To investigate the differences in expression levels between the ST and control blastocysts, the mean expression level (ln(TPM/10+1)) of each gene was calculated for each lineage and each group to obtain global expression patterns. The correlation coefficient of the global expression pattern between the ICSI and ST blastocyst cells was then calculated via linear regression analysis. The same method was applied when the cells from TE or EPI lineage were randomly down-sampled for investigating the effect of sample size to abovementioned correlation coefficients. Genes that were differentially expressed between the cells of ICSI and ST blastocysts were identified using the “FindMarker” function in the “Seurat” package (v4.0.0) with the parameters ident.1 = “ST,” ident.2 = “ICSI,” min.pct = 0.25, and test.use = “wilcox” for each lineage. Only DEGs with an average log2(fold-change) greater than 1 and an adjusted p-value (based on Bonferroni correction) less than 0.01 were characterized as up-regulated DEGs, and only those with an average log2(fold change) less than −1 and an adjusted p-value (based on Bonferroni correction) less than 0.01 were characterized as down-regulated DEGs. For those sex chromosome-linked genes, we further explored their detailed expression patterns by the “FindMarker” function with the parameters ident.1 = “ST,” ident.2 = “ICSI,” min.pct = 0, and test.use = “wilcox” but restricted the cells to be in the same lineage and the same gender. The adjusted p-values were also calculated based on Bonferroni correction.

Inference of embryo sex

To infer the sex of each embryo, we used a previously published method [25]. Specifically, we identified X-linked and Y-linked genes and calculated the mean expression levels of them for each embryo, yielding Mean_X and Mean_Y, respectively. The sex of the embryos was then determined by the ratio of Mean_X to Mean_Y. According to previous experience, embryos with Mean_X/Mean_Y >2 should be female, and embryos with Mean_X/Mean_Y≤2 should be male. We verified the results of this analysis by analyzing the CNV of single-cell DNA methylation sequencing (PBAT-seq) data.

SCENIC analysis

We used the “SCENIC” package (v1.2.4) to analyze the gene regulatory network for the scRNA-seq data. The inference of the transcription factor-driven regulatory network was performed by pySCENIC (0.11.0), a lightning-fast Python implementation in the SCENIC pipeline. Briefly, the input expression matrix in loom format was prepared with the “SCopeLoomR” package (v0.10.4). A coexpression network was subsequently constructed with the embedded GRNBoost2 package. The embedded RcisTarget package was used to calculate the enriched motif and corresponding target genes for all modules gathered by GRNBoost2. Regulons were generated with centered transcription factors and target genes. Regulon enrichment was measured via the embedded AUCell package. We used the output AUC score to perform t-SNE via the “Rtsne” package (v0.15) and hierarchy clustering via the “hclust” function in the “stats” package (v4.0.3), with the parameters distance = Euclidean and method = ward.D2, respectively.
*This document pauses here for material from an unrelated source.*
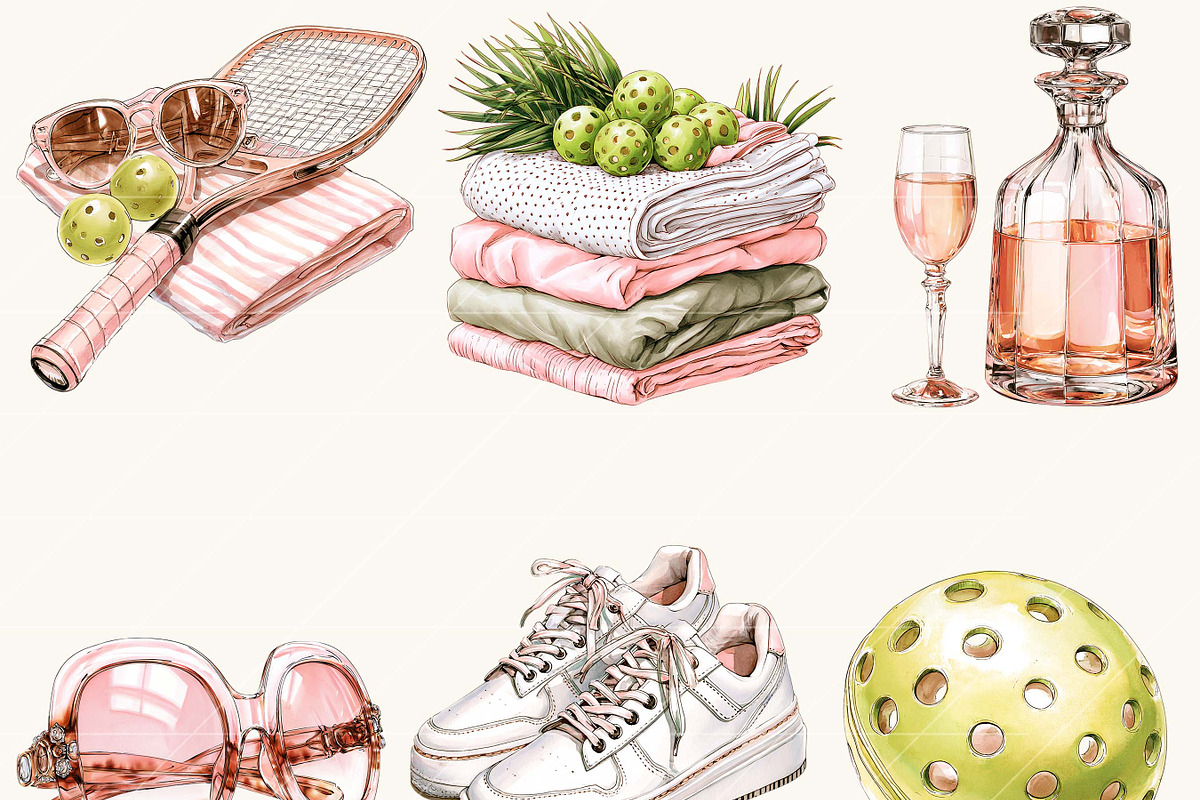 Watercolor Pickleball Clipart Bundle, an Object Illustration by BusyDaydesign (Photo 5 of 9)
Single-cell PBAT DNA methylome sequencing data preprocessing

First, trim_galore (v0.6.4) was used to trim the primers and low-quality bases, with the parameters—quality 20—stringency 3—length 50—clip_R1 6—clip_R2 6—paired—phred33. The sequences of the clean reads obtained above were then mapped to the human genome (hg38) by Bismark (v0.22.3) with embedded Bowtie2 (v2.3.5) in paired-end and nondirectional modes. The sequences of unmapped reads were obtained and realigned to the reference genome hg38 by Bismark (v0.22.3) in single-end mode. All the mapped reads were merged and sorted by coordinates with SAMtools (v1.10), and all PCR duplicates were removed with the “rmdup” command in SAMtools. The conversion ratio was calculated from the unmethylated level of lambda DNA. Samples with lambda conversion ratios greater than 99% and covering at least 2e+6 CpG sites with at least 1 read for each CpG site were considered to have passed quality control. The DNA methylation level at each site was calculated with MethylDackel (v0.5.1). Specifically, the methylation level at each site was calculated by dividing the number of reads supporting C (methylated) by the total number of reads supporting C (methylated) and T (unmethylated). The DNA methylation level per cell was calculated from the overall mean methylation level of the CpG sites. And the DNA methylation level per embryo was calculated from the mean DNA methylation level of the cells.

DMR analysis

The BAM files for all the cells of the same group and the same lineage were merged with the “merge” function of SAMtools (v1.10). We then applied a 300-bp tile-based DNA methylation calling algorithm with a custom-made Perl script as previously described [27]. Briefly, we binned the genome to consecutive 300-bp tiles and interpreted the ratio of the number of reads supporting C to the total number of reads supporting C and T in the 300-bp tiles as the DNA methylation level of the 300-bp tiles. Those 300-bp tiles with DNA methylation levels less than 10% in 1 group and greater than 40% in the other group were defined as DMRs. To further annotate these DMRs, we compared these DMRs with specific genetic elements by the “intersect” function of BEDtools (v2.29.0). Spatial distribution of DMRs were plotted by the function “kpPlotRegions” of the R package karyoploteR (v1.18.0).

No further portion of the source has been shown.